» **ACTIVITY**
Pictures are to be left out; every line from the one that holds "Used 2017 GMC" to the end of the data is to be retyped exactly.

» **DATASET EXCERPT**
------------------------------------------------

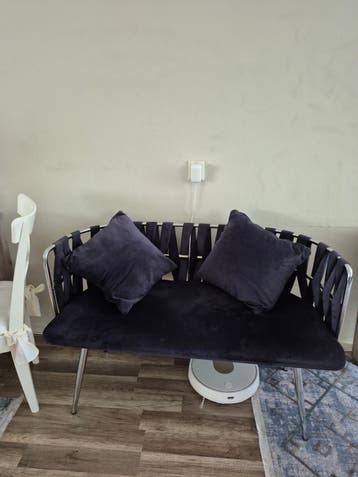 Moderne donkerblauwe stoelen met metalen onderstel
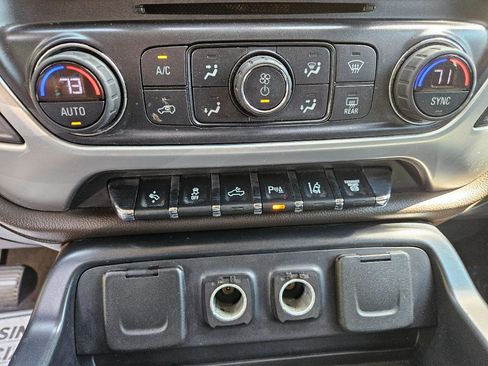 Used 2017 GMC Sierra 3500 SLT w/ Duramax Plus Package image 17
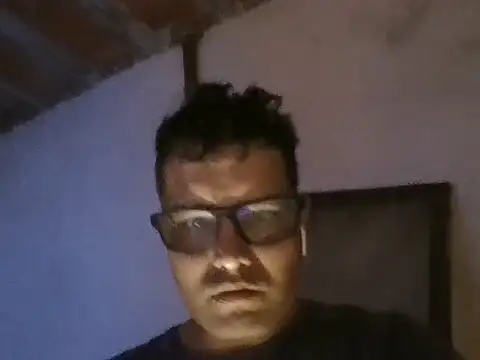 Snapshot of Quarentaoon chatting on 17, 10, 2025 Quarentaoon online show from 17, 10, 2025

------------------------------------------------

» **TASK SOLUTION**
 Used 2017 GMC Sierra 3500 SLT w/ Duramax Plus Package image 17
 Snapshot of Quarentaoon chatting on 17, 10, 2025 Quarentaoon online show from 17, 10, 2025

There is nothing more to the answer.